The utility noted: “Each of the LLCs is developing a solar photovoltaic generating facility to be located within the Company’s North Carolina service territory (collectively, the ‘Facilities’). The Facilities range in nameplate capacity from 12.00 MW to 19.99 MW. Each of the LLCs has self-certified its respective facility with the Federal Energy Regulatory Commission (‘FERC’) as a qualifying facility (‘QF’) pursuant to FERC’s regulations implementing the Public Utility Regulatory Policies Act (‘PURPA’).
“Each of the LLCs wishes to enter into a separate power purchase agreement (‘PPA’) with the Company for all of the energy and capacity of its respective facility at the Company’s avoided costs pursuant to PURPA. As noted in the Petition, negotiations between the Petitioners and the Company for the PPA began on or around February 26, 2015. The Company has and will continue to engage in free, open and good faith negotiations with Petitioners for a PPA that is consistent with the requirements of PURPA and this Commission’s orders and policies implementing PURPA.
“The Company has offered Petitioners a PPA that would apply to each of the Facilities, with the only difference from one facility’s PPA to another being the name of the relevant LLC and specific facility information including location and capacity.

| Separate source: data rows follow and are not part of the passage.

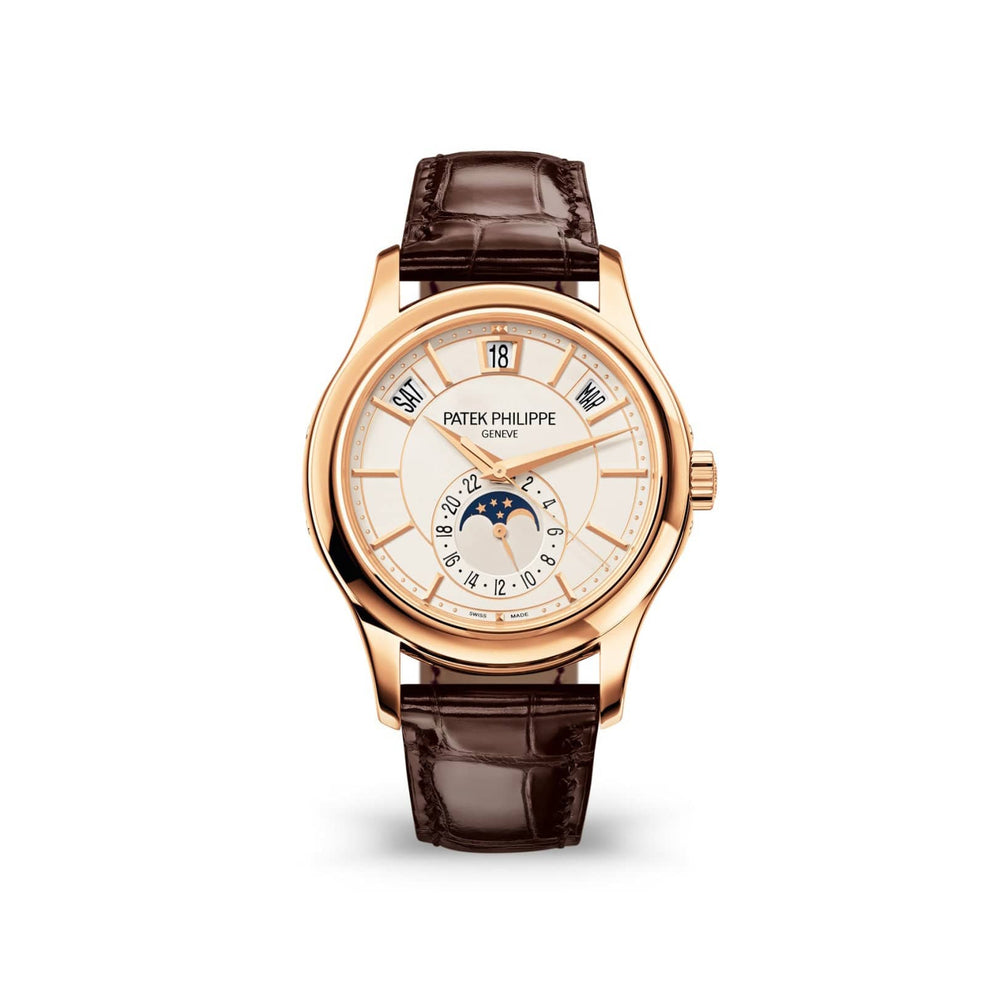 Patek Philippe Complications 5205R-001 Annual Calendar Rose Gold White Dial - View 3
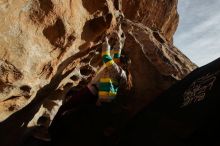 Bouldering in Hueco Tanks on 11/24/2019 with Blue Lizard Climbing and Yoga

Filename: SRM_20191124_1639340.jpg
Aperture: f/13.0
Shutter Speed: 1/250
Body: Canon EOS-1D Mark II
Lens: Canon EF 16-35mm f/2.8 L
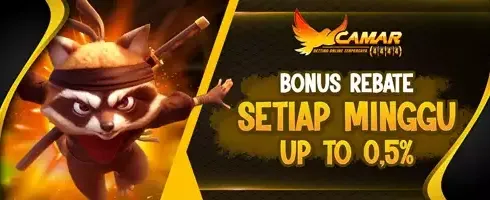 Cashback Rebate Mingguan promotion banner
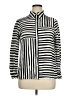 Alfred Dunner 100% Rayon Stripes Ivory 3/4 Sleeve Top Size 16 - photo 1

The issues in controversy identified in the Petition concern certain of the terms and conditions contained in that PPA. Specifically, the issues are: (1) whether the Company can include a ‘Regulatory Disallowance Provision’ in the PPA and, if so, whether that provision must be the same regulatory disallowance provision that was included in PPAs previously negotiated between the Company and Ecoplexus that involved separate Ecoplexus affiliates not party to this proceeding; (2) whether the Company must provide a 15-year term for the PPA; and (3) whether the Company must offer the LLCs involved in this proceeding a levelized rate provision that was previously negotiated for the abovementioned PPAs involving separate Ecoplexus affiliates.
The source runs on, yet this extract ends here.